Robinhood has taken the investing universe by storm, arming a new generation of investors with the tools they need to start putting money to work in the stock market. Many young adults are getting into stock investing for the very first time, and the app-based commission-free brokerage has a lot to do with opening the door to those who were previously reluctant to invest.

However, Robinhood investors don't always follow Wall Street's rules. They often like speculative stocks that have chances for big gains but also outsized risk. Many of them trade frequently and sometimes buy shares of doomed companies in the hope of making a quick short-term profit.

As a result, many of the favorite stocks on Robinhood have gotten utterly panned by Wall Street stock analysts. In particular, four of the stocks on the Robinhood Top 100 popularity list stand out as having favorable ratings of less than 10% from analysts. Who's right: Robinhood investors or Wall Street? Read on to take a closer look.

Wall Street sign in front of New York Stock Exchange.
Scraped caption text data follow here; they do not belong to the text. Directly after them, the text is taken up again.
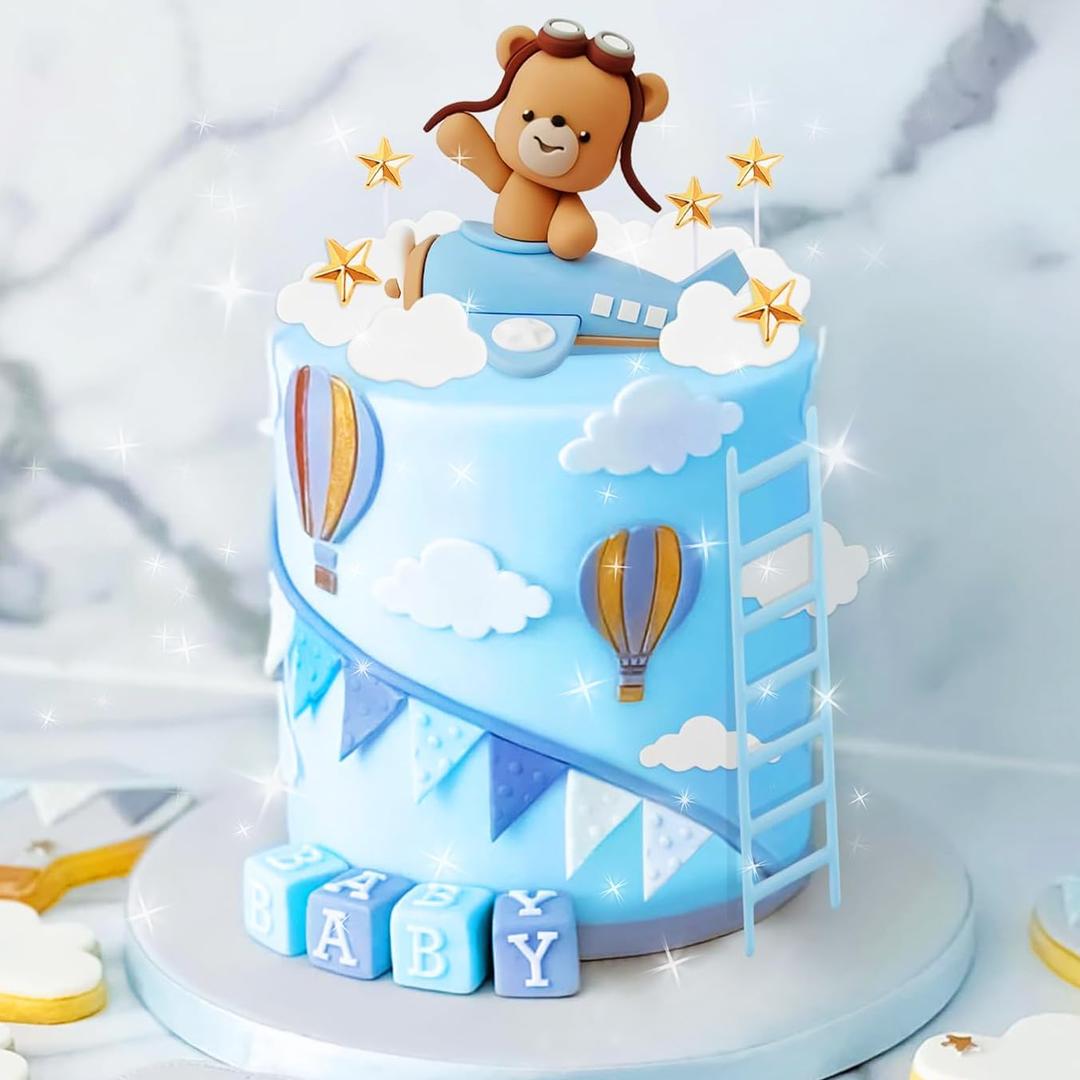 LaVenty Blue Airplane Cake Topper Airplane Cake Decorations Plane Cake Topper for Time Flies 1st Birthday Decorations Airplane Birthday Baby Shower Decorations
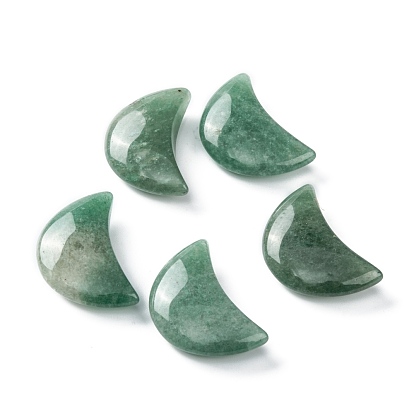 Natural Green Aventurine Beads, No Hole/Undrilled, for Wire Wrapped Pendant Making, Moon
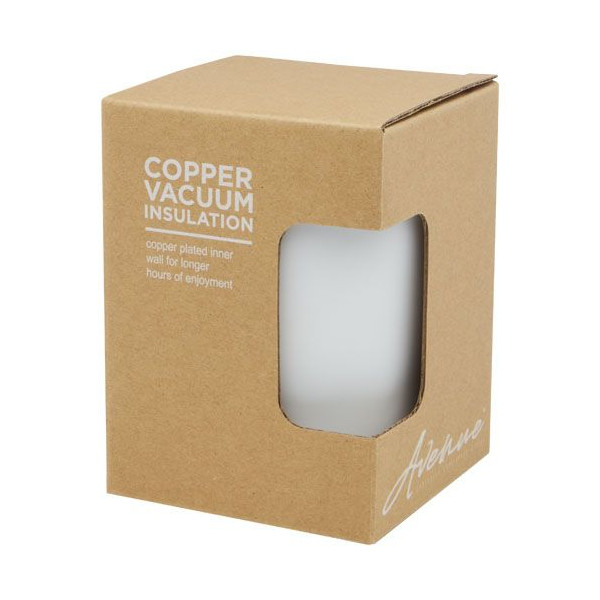 Gobelet isotherme à double paroi avec couche de cuivre et couvercle en bambou - 330 ml - Acier inoxydable - Sans BPA - Personnal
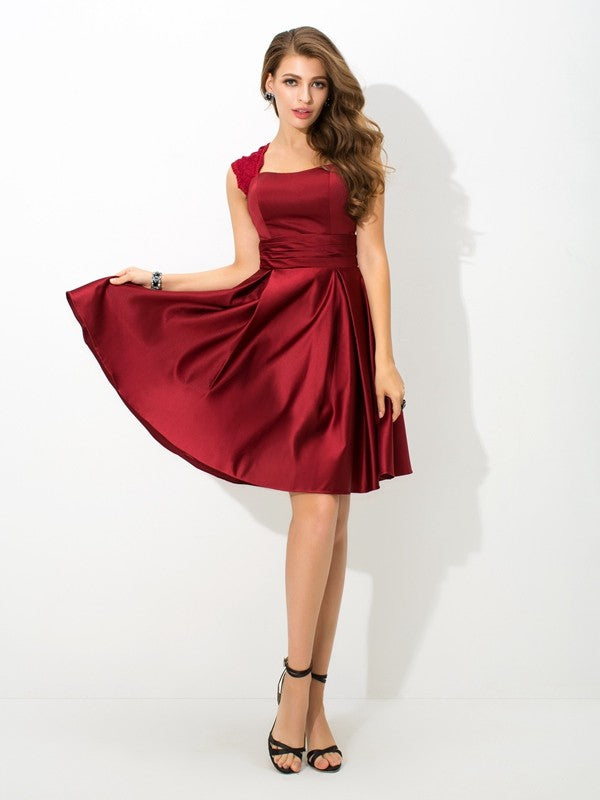 Wholesale A-Line/Princess Straps Pleats Sleeveless Short Satin Bridesmaid Dresses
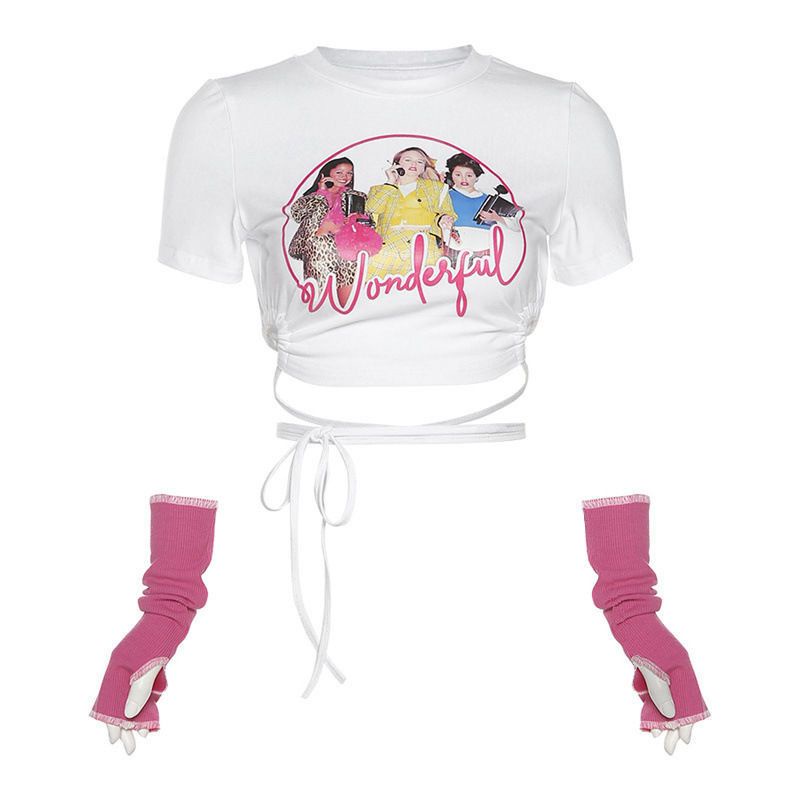 Áo Thun Tay Ngắn Phối Dây Rút Thời Trang Mùa Hè Mới Cho Nữ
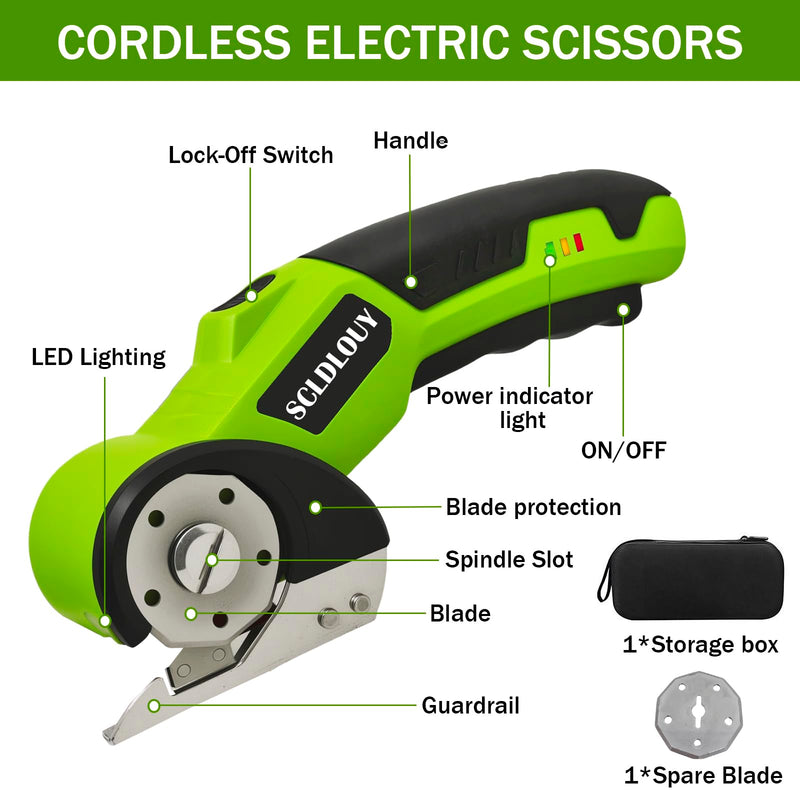 High-Speed Cardboard Cutter, Cordless Rechargeable Electric Scissors with Safety Lock and LED Light, Rotating Blade for Cardboard Fabric Carpet (green) Green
Image source: Getty Images.

1. Carnival

Carnival (CCL 0.88%) has gotten a lot of attention over the past year, as the cruise-ship giant has arguably been the company hardest hit by the COVID-19 pandemic. The stock is down 57% over the past year, although it's jumped 140% from its worst levels in late March and early April. Out of 18 analyst ratings that Robinhood tracks, only one rates Carnival a buy, compared to four sell ratings and 13 hold ratings.

It's easy to understand why Wall Street isn't excited about Carnival. The company hasn't been able to set sail for nearly a year now, and with the most recent wave of COVID-19 cases, even the release of vaccines hasn't allowed Carnival to set firm expectations about when it will be able to go out on the open seas again. Meanwhile, the company expects to lose another $2 billion in the fourth quarter and continues to burn cash at an alarming rate.

The hope among bullish shareholders is that at some point, the pandemic will come under control, and when it does, cruise fans will be excited to finally take the cruises they've had to put off for so long. But in the meantime, Carnival has had to continue to raise cash, diluting the interests of current shareholders. That means an eventual recovery might not benefit the stock as much as Robinhood investors would like. Carnival will probably survive, but it might not show up in much higher stock prices.

2. Aurora Cannabis and 3. HEXO

Marijuana stocks are back in the news, and hopes for legalization in the U.S. have many investors betting big on cannabis. However, Wall Street isn't convinced. Aurora Cannabis (ACB 0.95%) gets only a single buy rating among 17 analysts, with four sells and 12 holds. HEXO (HEXO) isn't much different, with one buy, 12 holds, and one sell.

Both Aurora and HEXO had terrible times in 2020, falling 68% and 42%, respectively. But they've bounced back to start the new year. HEXO has almost doubled, while Aurora is up 40%.

Bullish investors hope that a new administration in Washington will work to decriminalize marijuana at the federal level. That won't automatically open up markets in all states but would make it far easier for companies like HEXO and Aurora to do business in the U.S., particularly in those jurisdictions that have already legalized cannabis for medical and/or recreational use.

Skeptics point to Aurora's track record of dilutive stock offerings, which seem to happen just when share prices are starting to move higher. For HEXO, though, a joint venture with Molson Coors (TAP -0.47%) to release some CBD-infused beverage products in Colorado could provide a nice entry point from which to consider further growth opportunities. Nevertheless, both companies face challenges from competition and need to overcome the operational inefficiencies that have held them back.

4. Slack Technologies

Finally, Slack Technologies (WORK) rounds out the list of Robinhood stocks least loved by Wall Street. The stock garners only a single buy rating out of 22 analysts, while the other 21 are firm in their neutrality by having hold ratings.

In the case of Slack, "hate" is too strong a word to describe Wall Street's mood. That's because the hold ratings likely stem from Slack's pending acquisition by (CRM 2.61%). Under the terms of that deal, Salesforce will pay $26.79 per share in cash, and Slack investors will also get 0.0776 shares of Salesforce stock, which would currently be worth about $17 at recent prices.

As a result, owning Slack is largely like investing 40% of your money in Salesforce and keeping the other 60% in cash. Salesforce has solid prospects for the future, with 35 out of 43 analysts giving it a buy rating, as reported by Robinhood. That's a solid vote of confidence for the tech giant, and holding onto shares will give Robinhood investors exposure to Salesforce without any further tax consequences if the deal goes through.

Who's right: Wall Street or Robinhood investors?

Among these stocks, Slack looks like the safest bet to produce longer-term gains, assuming that shareholders hang onto their Salesforce stock once the merger is complete. HEXO, Aurora, and Carnival still face major uncertainties, though.

That doesn't mean that Wall Street's right and Robinhood investors are wrong -- but it does mean that if you're considering buying those stocks, you should know exactly what you're getting into before you invest.